Als sie ihn anblickte, las er tiefe Traurigkeit in ihren Augen, und es zerriss ihn innerlich. In all den Jahren ihrer Ehe hatte er Christy niemals weinen sehen, und der Ausdruck in den feucht schimmernden grünen Augen schnitt ihm ins Herz.

„Christy …“

Das Telefon klingelte, und sie griff schnell danach, anscheinend froh über die Unterbrechung. Er hörte, wie sie sich räusperte, ehe sie sich meldete. Dann glitt ein Lächeln über ihr Gesicht, und ihr seidiges, lockiges Haar fiel ihr weich über die Schultern, als sie den Kopf neigte und lauschte. Es hatte die Farbe von herbstlichen Blättern, und er war so hingerissen von ihrem Anblick, dass er nicht einmal mitbekam, wie sie den Hörer wieder auflegte.

„Das war Sean.“

„Nicholson?“ Alessandro hatte Mühe, sich zu konzentrieren. „Was wollte er?“

Christy brachte die Pfannkuchen zum Tisch. „Er hat gefragt, ob ich bereit wäre, bis Weihnachten als Vertretung in der Notaufnahme zu arbeiten.“

„Und du hast Nein gesagt.“

„Ich habe zugesagt.“ Sie stellte noch einen Teller mit Zitronenscheiben und die Flasche Ahornsirup auf den Tisch.

„Wieso das denn?“

Sie hob den Kopf und sah ihn kühl an. „Warum nicht?“

„Nun …“ Er fuhr sich mit den Fingern durchs Haar. „Weil es schon lange her ist, dass du in der Notaufnahme gearbeitet hast. Jahrelang hast du zu Hause die Kinder versorgt und …“

„Und deswegen hat mein Verstand gelitten?“, fragte sie scharf, während sie die Besteckschublade aufzog. „Warum sprichst du es nicht offen aus, Alessandro – du denkst, dass ich es nicht mehr schaffe, oder?“ Heftig schob sie die Schublade zu, und Alessandro wünschte, er wäre in der Klinik geblieben.

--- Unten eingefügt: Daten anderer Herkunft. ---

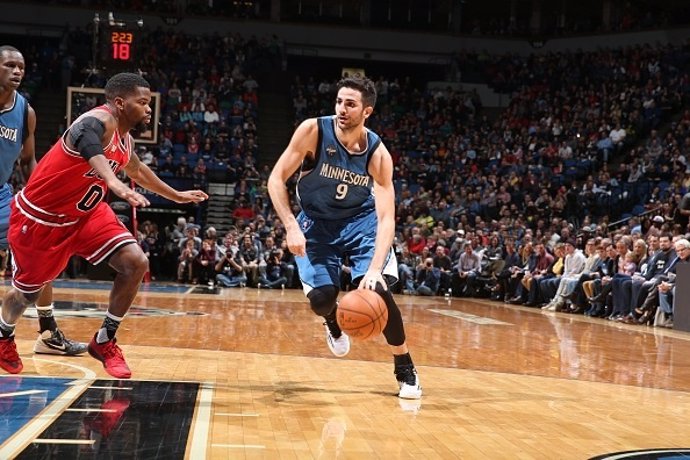 Ricky Rubio Minnesota Timberwolves Chicago Bulls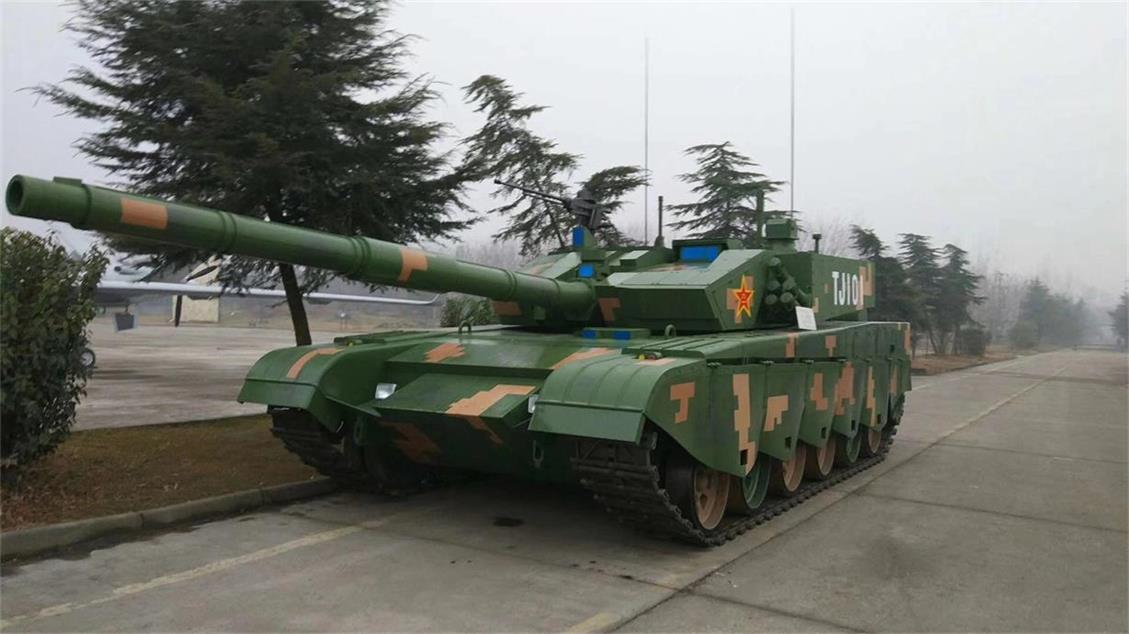 如皋市坦克模型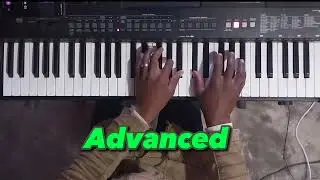 The easy way to play keyboard 🎹( how excellent is your name || ‎@LearnwithMbulelo  ||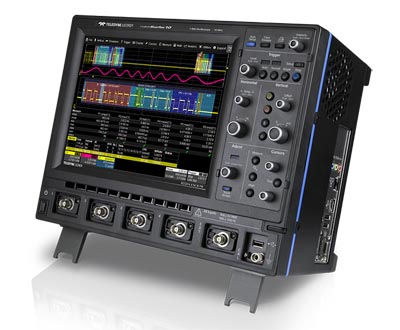 Osciloscopio de 1 GHz y 10 GSps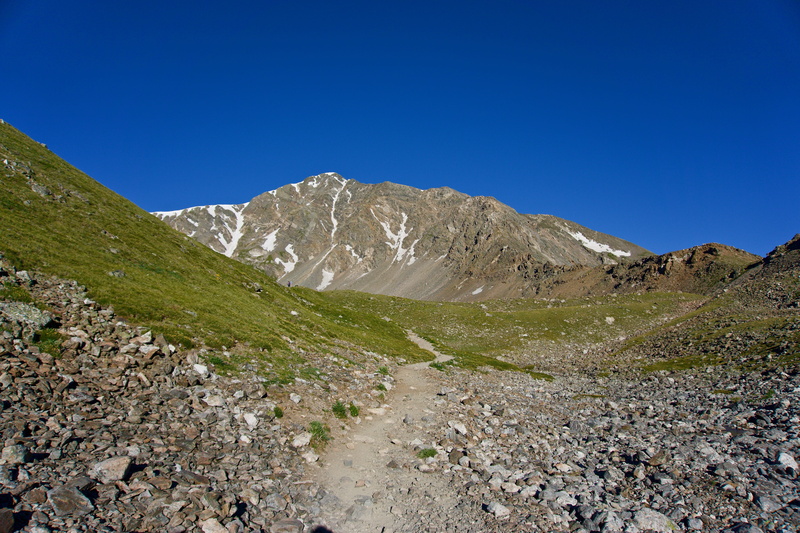 day, trail, environment, no people, colorado, non-urban scene, rock - object, tranquility, scenics - nature, mountain, nature, 14er, rocky mountains, plant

„Ich denke nur an dich. Du hast keine Ahnung, was heutzutage im Krankenhaus los ist.“ Er hob die Hände. „Jeden Tag ein neues Hightech-Gerät, mit dem man umgehen lernen muss, und auch sonst gibt es keinen Moment Pause. Dazu die randalierenden Betrunkenen …“

Sie legte das Messer neben den Sirup. „Und du glaubst, dass ich nicht mit ihnen fertig werde?“ Ihre Augen blitzten gefährlich, und es durchfuhr ihn heiß. Immer schon hatte er ihre leidenschaftliche Art und ihre Stärke geliebt. Sie fürchtete sich vor nichts. „Du bist eine starke Frau, querida“, sagte er gedehnt, „aber …“

„Kein Aber! Glaub mir, mein Verstand ist immer noch der alte, Alessandro. Dass ich zwei deiner Kinder zur Welt gebracht habe, hat ihm nicht geschadet.“

Er war auf einmal froh, dass sie das Messer hingelegt hatte.

„Jetzt übertreibst du.“

„Tut mir leid, aber das passiert, wenn man mich behandelt, als könnte ich nicht bis drei zählen“, antwortete sie zuckersüß. „Und wir wollen doch ehrlich sein – es geht dir nicht um mich. Du denkst an dich. Du hast Angst, dass ich irgendetwas Peinliches tun könnte. Oder dass dein Essen nicht fertig auf dem Tisch steht, wenn du nach Hause kommst. Oder dass ich zu müde zum Sex bin …“

„Es reicht!“ Warnend blickte er zur Tür. Die Kinder waren gleich nebenan.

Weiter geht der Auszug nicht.